Okay, I think I follow and agree legalistically with your argument. But I also t...

mjburgess · on March 30, 2024

We arent statistical learners. We're abductive learners.

We move, and in moving, grow representations in our bodies. These representations are abstracted in cognition, and form the basis for abductive explanations of reality.

We leave plato's cave by building vases of our own, inside the cave, and comparing them to shadows. We do not draw outlines around the shadows.

This is all non-experimental 'empirical' statistics is: pencil marks on the cave wall.

tel · on March 30, 2024

So we craft experiments.

If someone else crafted an experiment, and you were informed of it and then shown the results, if this was done repeatedly enough, would you be incapable of forming any sort of semantic meaning?

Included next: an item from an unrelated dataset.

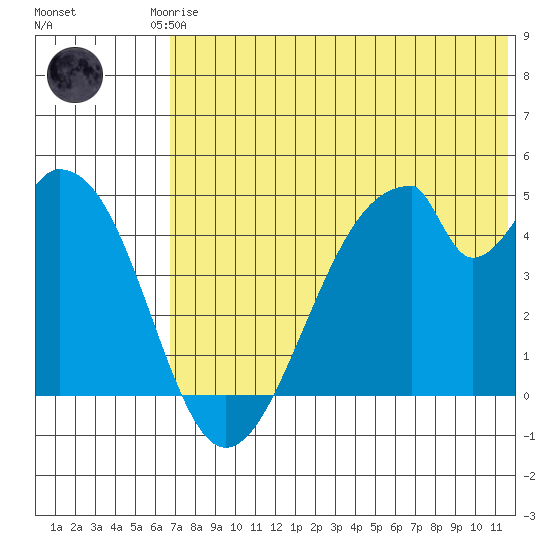 Eagle Bay tide chart for Friday, July 5, 2024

mjburgess · on March 31, 2024

If they only showed the measures, yes.

The meaning of the measures is determined by the experiment, not by the data. "Data" is itself meaningless, and statistics on data is only informative of reality because of how the experimenter creates the measurement-target relationship.

tel · on March 31, 2024

Okay I think I buy that. I don’t know if I agree, but trying to argue for a position against it has been sufficiently illuminating that I just need to chew on it more.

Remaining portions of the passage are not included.